The other night, while in Chicago, I had dinner with the most technically beautiful poet I’ve ever known. Both of us now missing hair and knowledge we had as youth, but from 40 feet, through windows and a cold winter night, I knew Rick sitting inside his car as if it were still 1990.
Perhaps it takes two people who know what they did wasn’t that bad, two people who are comfortable enough with themselves (and their choices later in life) and their friends to know any story told will only invoke fondness amongst the antagonists and listeners. Two people who know that telling stories is what inexplicably links us to others and makes us want to share, even if time and distance hasn’t allowed.
In my life, as I look back through the years and think about the people I remember, the people I am fond of, the people I consider allies, the people I consider friends all share one common trait. All these people would tell a story, ask a question or engage in a debate that taught me something. These are the people who when I look back on situations I don’t remember details of what we ate, was the food good, or why we were together; however, I do remember the stories, the conversation and how those people and their stories shaped my life.

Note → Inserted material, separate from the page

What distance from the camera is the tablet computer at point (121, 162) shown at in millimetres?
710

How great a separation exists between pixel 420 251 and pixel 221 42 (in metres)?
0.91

Stories are what sew together the many fabrics, pieces, of our lives. The chance to bring together fabric from different eras of my life, to share those pieces with friends and family is worth the effort of crossing any burned bridges. I went to dinner with Rick, my (anonymous) sidekick, and Rick’s wife Joanna to share. We talked for hours, reliving our younger days, learning about our lives through the years that have past. Can you remember all the details you knew about a person 15 years ago? Should you remember these details? If you can does that make you a friend? Or on the other hand can you forget many of the details, not interact with a person yet remain their friend because of what you were, what you gave them, what they gave you. Do you remain friends with someone not only because of the physical closeness but because of the constant guidance they provide, the influence they have on making you a better person? If so how do people provide this guidance, if there is a lack of physical connection?
There are many people I see on a daily basis, yet I don’t consider them friends. I may talk with them, enjoy their company and spend time with them, yet they have not provided the more involved interaction and connections required to be a true friend. After dinner with Rick I thought about how awkward the evening could have been. Instead there was no uncomfortable silence, no wishing time was over and I realized why because of this story.
Rick’s dad at one point in his life frequented a bar with a black and white TV. The patrons of the bar would watch Chicago Cubs games on the TV and I assume share a drink or two. At one point (I admit some details of the story are fuzzy) a guy not originally from America also started frequenting the bar. He of course began to watch the belabored Cubs on TV with the rest of the patrons. As the story goes the guy didn’t fully understand or appreciate the complexity and difficulty of baseball from watching and learning about the game at a bar. The guy didn’t fully understand just how difficult it was to hit a baseball until one day Rick’s dad took the guy to a Cubs game at Wrigley Field. It was there for the first time ever he realized the pitcher was not on the same team as the batter, but on the opposite team. This little (yet critical) bit of knowledge completely changed the game of baseball for the guy.
I’ve used this story many times in my job when working with people outside the U.S. I’ve worked to not take for granted the details of work that seem inherent to me as to someone with a different history the inherent are acquired. I haven’t seen, spoken or heard from Rick in nearly 15 years. I never met Rick’s dad as he passed away between freshman and sophomore years in college and I during the one year Rick and I knew each other when his father was alive I never was in the same place at the same time. Yet over the years I learned from Rick’s father, I learned from Rick and used this story to hopefully teach others.
Friendship can come in many forms and from many places, but it isn’t about what has happened in the last week, it is about the long term benefits friends bestow on friends. For me friendship is based on learning from and challenging another and taking those experiences out in life no matter who you are with. This year, if never before, friendship is worth being thankful for, thankful for those friends who are close, thankful for those who have taught us something today and also thankful for those who taught us something 20 years ago that we still use today.